→ **TASK**
Restate exactly, and only, the lines from the one with "Eid Special 50" through the end of the data, with both of those end lines kept. Drop any pictures.

*** Opening of EXERCISE DATA ***

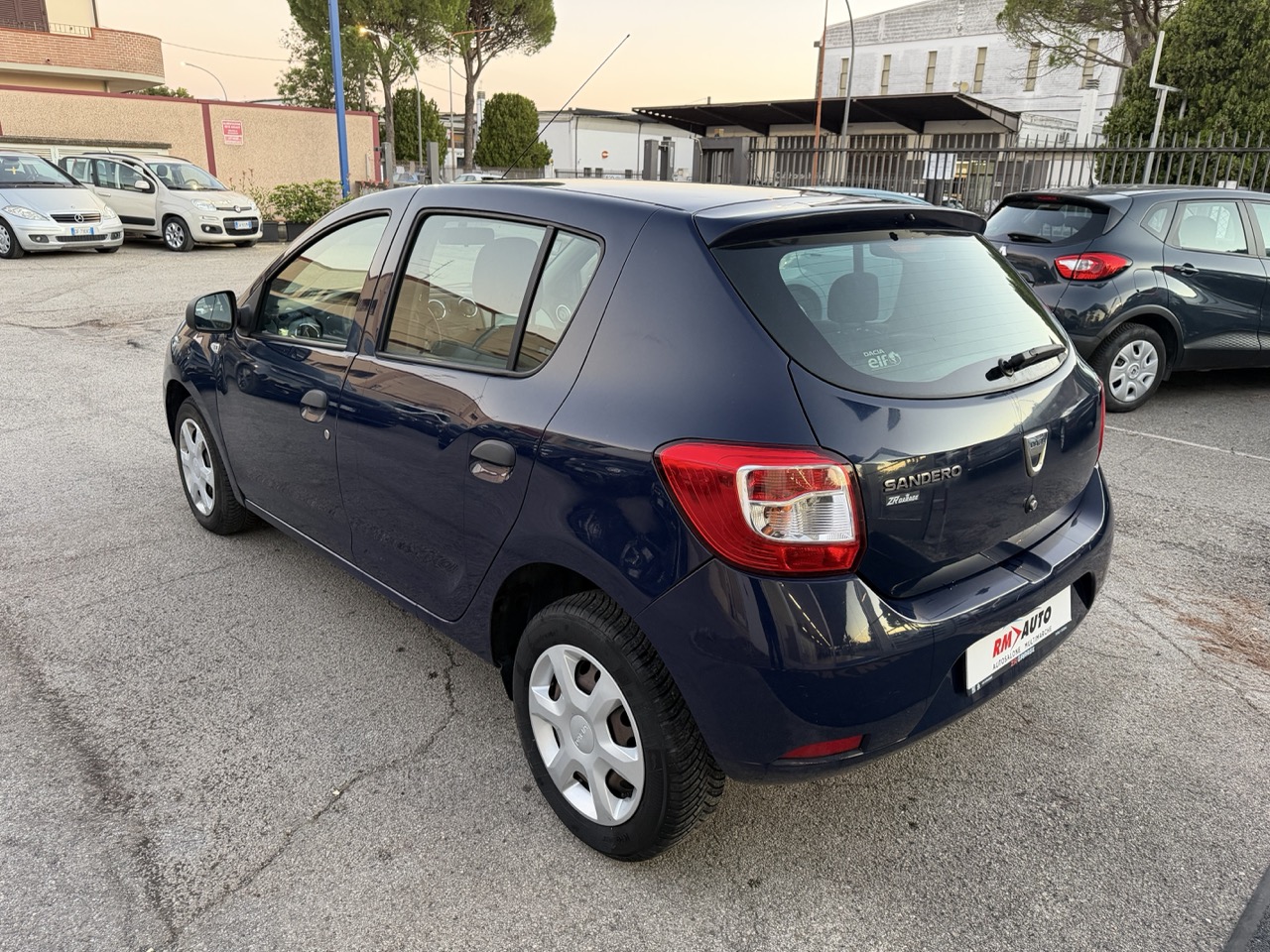 Dacia Sandero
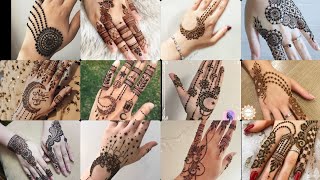 Eid Special 50 Mehndi Design 2022 By Traditional Art screenshot 5
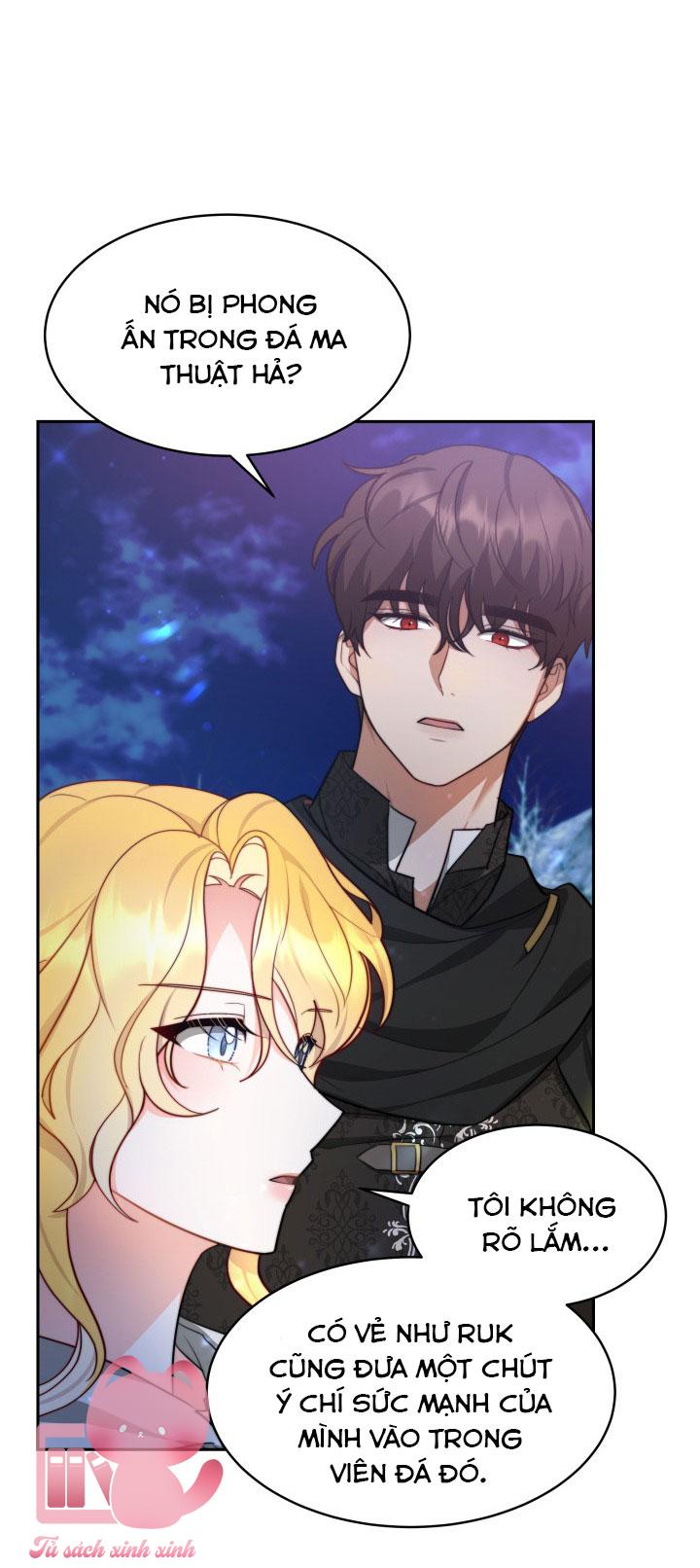 Từ Chồng Cũ Hóa Thành Nam Chính - Chap 21 - Trang 19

*** Close of EXERCISE DATA ***

→ **TASK SOLUTION**
 Eid Special 50 Mehndi Design 2022 By Traditional Art screenshot 5
 Từ Chồng Cũ Hóa Thành Nam Chính - Chap 21 - Trang 19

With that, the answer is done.